If you thought that story was exciting, you better buckle up for Borneo. After the two-hour voyage up the Sarawak River, they arrived at their homestay hosted by a woman who belonged to a local tropical tribe. The home had no electricity besides a little solar power to generate their fridge of beer and a laptop to accommodate bookings. When it was time to eat a meal, the host wandered off into the jungle to forage and cooked the most amazing food over a fire. They bathed in the river but had to choose wisely because of the crocodiles and before bedtime, it was important to close the wooden windows to keep out the wildlife – snakes, tigers, and leopards, oh my!

Mare has visited forty-four countries and her kids are getting close to that number as well which is impressive for their ages (Sawyer is nineteen and Maia is sixteen). Mare genuinely enjoys planning trips and has found that the best way to cure post-vaca blues is to start planning another one. Next on their bucket list is Spain then Morocco. I cannot wait to see more beautiful memories captured by my uncle, the talented photographer.

Most recently, they went to Turkey which is now one of their top destinations to tell others to visit and now is the time. Many places like this need tourism to build their economy and are offering fair prices to receive financial support. It’s the best of both worlds when you both benefit so if you’ve been lost in wanderlust, this is your sign to go for it.
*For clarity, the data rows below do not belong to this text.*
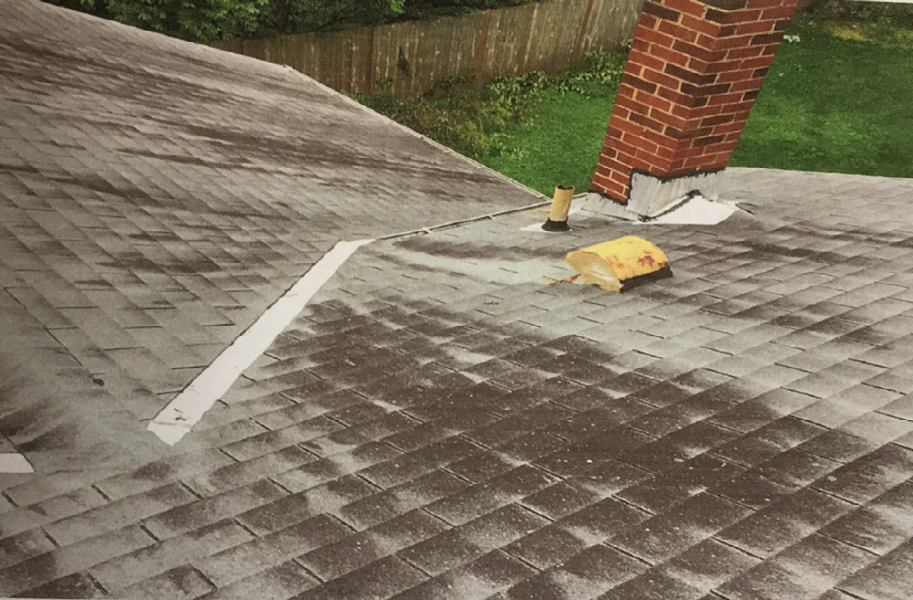 Roof Cleaning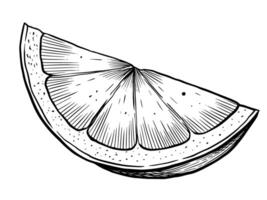 illustration of Slice or Lemon or Lime. Linear drawing with slices of circus fruit in vintage engraving style. Sketch of orange painted by black inks for food label or menu design. vector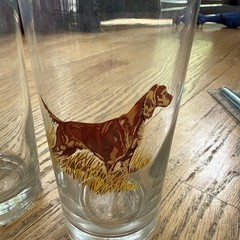 Vintage Drinking Glasses Hunting Dogs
On top of incredible cuisine, rich history, and sensational sights, the list of travel benefits goes on. Mare believes that traveling can transform you into a well-rounded human. “Learning to understand and respect other cultures also heightens your appreciation for your own.” She clarified, “You also don’t have to travel far to experience a sense of adventure and broaden your perspective.” The best lesson Mare has ascertained is to live in the present moment so that no matter where she goes, she continuously grows.